Ронни Ли Милсап (англ.  Ronnie Lee Milsap , род. 16 января 1944 года[1]) — американский кантри-певец и пианист, один из самых популярных и влиятельных исполнителей 1970-80-х годов. Милсап стал первым успешным слепым певцом, а также одним из самых успешных и разносторонним представителем кантри-кроссовера своего времени, завоевавшим симпатии как слушателей кантри, так и поп-музыки благодаря использованию элементов ритм-н-блюза и рок-н-ролла.

Наиболее успешными кроссоверами Ронни Милсапа были It Was Almost Like a Song, Smoky Mountain Rain, (There's) No Gettin' Over Me, I Wouldn't Have Missed It for the World, Any Day Now и Stranger in My House. Милсапу присуждено шесть наград «Грэмми», сорок раз его песни становились номером один — достижение, ставящее его на третье место после Джорджа Стрейта и Конвея Твитти.





Карьера

Ранние годы (1963-1971)

Робби Милсап родился 16 января 1944 года в Роббинсвилле, штат Северная Каролина. От рождения он был почти полностью слепым. Мать оставили его в раннем возрасте, и воспитанием мальчика до пяти лет занимались бабушка и дед. Затем он поступил в школу для слепых в Роли, столице штата. Он окончательно ослеп, и оба глаза были удалены. В детстве Милсап интересовался музыкой, слушал вечерние радиопередачи, в которых звучали христианская музыка, кантри, ритм-н-блюз. На своих концертах он часто отдавал дань уважения тем людям, которые вдохновили его на творчество: Рэю Чарльзу, Литлу Ричарду, Джерри Ли Льюису и Элвису Пресли. В семилетнем возрасте у Милсапа был замечен музыкальный талант. Вскоре он приступил к обучению музыке и овладел несколькими инструментами, и особенно хорошо фортепиано. В следующие годы он обнаружил страсть к рок-н-роллу и вместе с одноклассниками организовал музыкальную группу The Apparitions. Милсап получил право обучаться в колледже Янг-Харриса, штат Джорджия, но не окончил его, решив посвятить себя карьере музыканта. В начале 1960-х он по результатам прослушивания поступил в профессиональную музыкальную группу Дж. Дж. Кейла.

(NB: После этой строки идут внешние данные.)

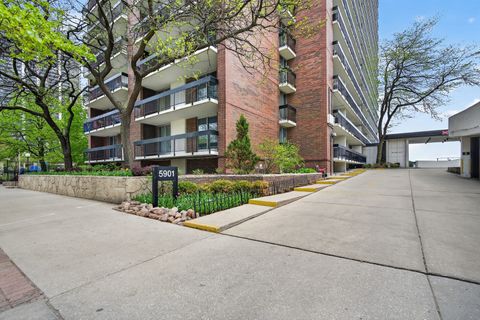 Tiny photo for 5901 N Sheridan Road #7G, Chicago, IL 60660 (MLS # 12612719)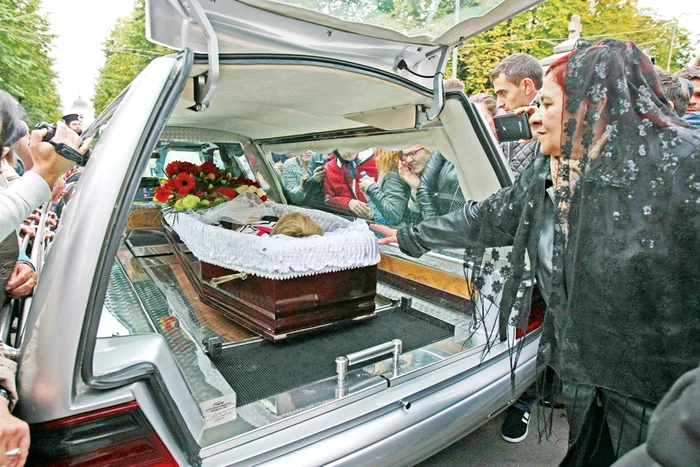 A fost înmormântată  la cimitirul Bellu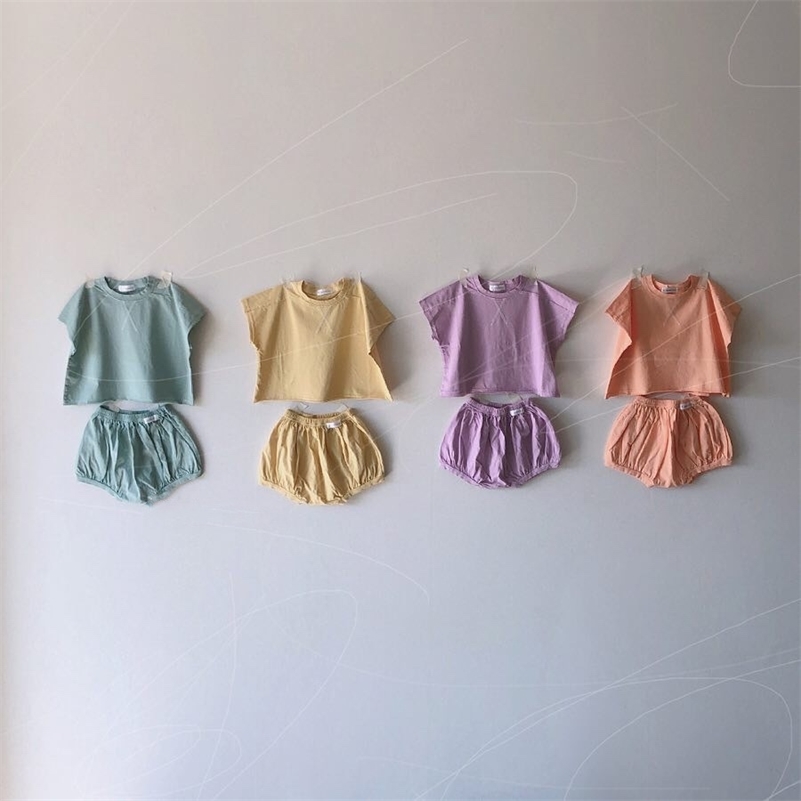 Summer baby boys girls candy color clothes sets kids cotton loose T shirt and shorts 2 pcs suits 210708, Yellow
Summer baby boys girls candy color clothes sets kids cotton loose T shirt and shorts 2 pcs suits 210708, Yellow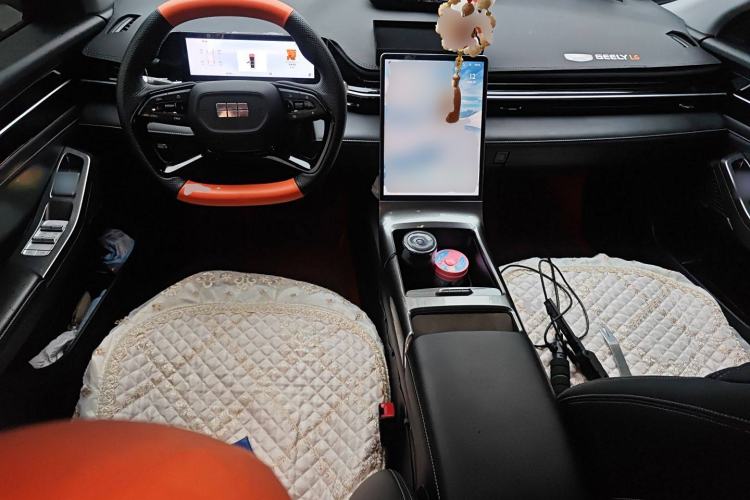 Used Geely Galaxy L6 2024 125km PLUS Dragon Edition Center Console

Первый сингл, Total Disaster, Милсап выпустил в 1963 году. Композиция снискала популярность на местном уровне в окрестностях Атланты. В 1965 году Милсап подписал контракт с ньюйоркским лейблом Scepter Records и записал восемь не имевших популярности синглов. Также он краткое время сотрудничал с исполнителями стиля соул: Рэем Чарльзом, Стиви Уандером и Джеймсом Брауном. В том же 1965 году исполненная Милсапом композиция Never Had It So Good, написанная Николасом Эшфордом и Валери Симпсон, попала в Top 20, добравшись до 19 строчки R&B-чарта[2]. В этот период это был единственный успешный сингл Милсапа, выпущенный под лейблом Scepter. Другая композиция Эшфорда и Симпсон, Let's Go Get Stoned, удостоилась только стороны «Б». Всего несколько месяцев спустя этот сингл в исполнении Рэя Чарльза разошёлся миллионными тиражами. Примерно в это же время на праздничном обеде Милсап познакомился с Джойс Ривз, и в этом же, 1965 году, пара заключила брак.

Несколько лет спустя, после переезда в Мемфис, штат Теннесси, Милсап работал с продюсером Крисом Моманом и еженедельно выступал в популярном клубе T.J.'s. Милсаф работал в качестве сессионного музыканта во множестве проектов, включая запись двух песен для Элвиса Пресли: Don't Cry Daddy в 1969 и Kentucky Rain в 1970. В том же году сингл Милсапа Loving You Is a Natural Thing попал в поп-чарты, но высоких мест не занимал. В 1971 году на Warner Brothers вышел дебютный альбом Ронни Милсапа. R&B-записи этого времени настолько незначительны, что даже преданные фанаты музыканта о них не слышали.

Прорыв (1973-1975)

В декабре 1972 года Милсап переехал в Нашвилл, штат Теннесси, после случайной встречи с звездой кантри Чарли Прайдом. Прайд оказался среди слушателей Милсапа в ночном клубе Whiskey A-Go-Go и был впечатлён вокальными данным Милсапа, посоветовав ему сменить стиль и попробовать себя в кантри. В 1973 году Милсап в сотрудничестве с Джеком Д. Джонсоном, менеджером Прайда, заключил контракт с RCA Records. В том же году вышел его первый сингл на новом лейбле: I Hate You, который немедленно завоевал популярность, добравшись до 10 строки кантри-чарта. В 1974 году Милсап отправился с Прайдом в концертный тур, выступая у него на разогреве с двумя синглами, побывавшими на первой строке чарта: Pure Love (автор Эдди Рэббитт) и Please Don't Tell Me How the Story Ends (автор Крис Кристофферсон). За последний Милсап получил свою первую премию «Грэмми». В 1975 году Милсап записал песню Дона Гибсона (I'd Be) A Legend in My Time и вновь покорил первую строку чарта с композицией Daydreams About Night Things.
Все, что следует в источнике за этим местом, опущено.